O assédio dos funcionários pagos por fazendeiros e especuladores interessados nas terras ocupadas pelas comunidades é um tormento constante, relatam os moradores, surpreendidos por pessoas com aparelhos de GPS fazendo georreferenciamento – às vezes até dentro dos seus quintais. Quando reagem, correm risco de vida, como aconteceu em dezembro de 2015 na comunidade do Salto, onde vive Reginalda. “Eu tava pra roça esse dia. Quando eu cheguei, tinha uma equipe de Gilbués, a mando de um tal de Irineu Ungarelli. Eles queriam tirar uns pontos [de GPS] dentro do quintal da casa da minha irmã”, relata Reginalda. Ela, a irmã e a filha expulsaram os invasores, entre eles um homem fardado que se identificou como Ivan, ex-policial militar do município de Gilbués. Logo em seguida, porém, Ivan foi flagrado pelas mulheres junto com um vaqueiro de Ungarelli no quintal de outro morador da comunidade. Aí eu disse: ‘Moço, eu já não disse pra você não tirar ponto aqui dentro? Vai embora’. Ele me empurrou, esse que tava com a roupa de polícia.

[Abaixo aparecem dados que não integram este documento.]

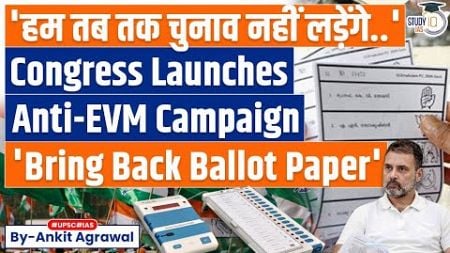 Congress to launch campaign against EVMs, demands return of paper ballots | Know all about it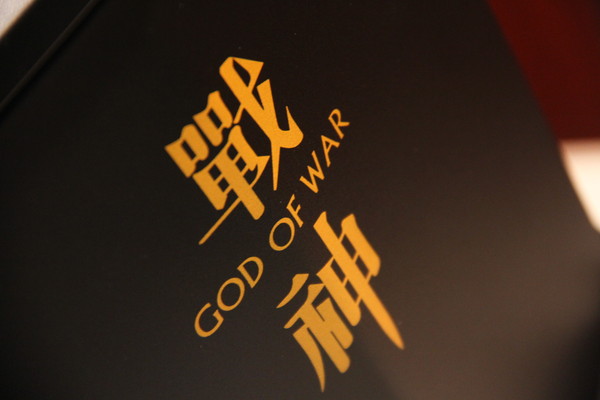 神舟战神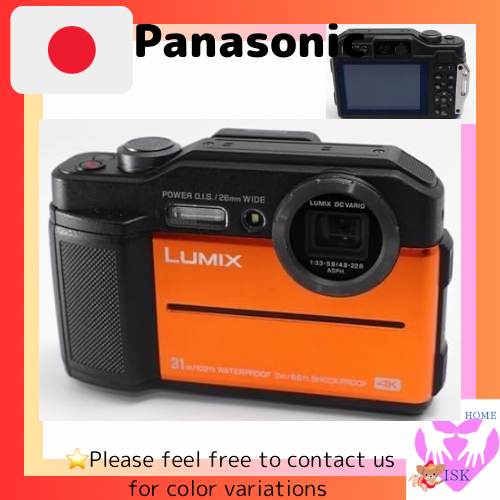 Panasonic Compact Digital Camera Lumix Ft7 Waterproof 4K Video Compatible Orange Dc-Ft7-D Direct Fro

Eu empurrei ele de volta e disse que ele fosse embora ou eu ia tocar fogo no carro deles”, conta.
Os homens foram embora, mas avisaram que voltariam com o suposto dono da terra, Irineu Ungarelli, já processado sob a acusação de invadir outra área: a fazenda Boqueirão, situada no município de Dianópolis, Tocantins, também no Matopiba. A fazenda pertence ao juiz eleitoral Jocy Gomes de Almeida, que entrou com uma ação de interdito proibitório (para impedir a violação da posse de alguém) contra Ungarelli. Em audiência do processo, Gomes de Almeida afirmou que homens a mando de Ungarelli entraram na fazenda, onde mora o seu pai, para fazer georreferenciamento. O processo ainda está correndo. A Pública telefonou várias vezes para Ungarelli em três números diferentes, mas não conseguiu contato.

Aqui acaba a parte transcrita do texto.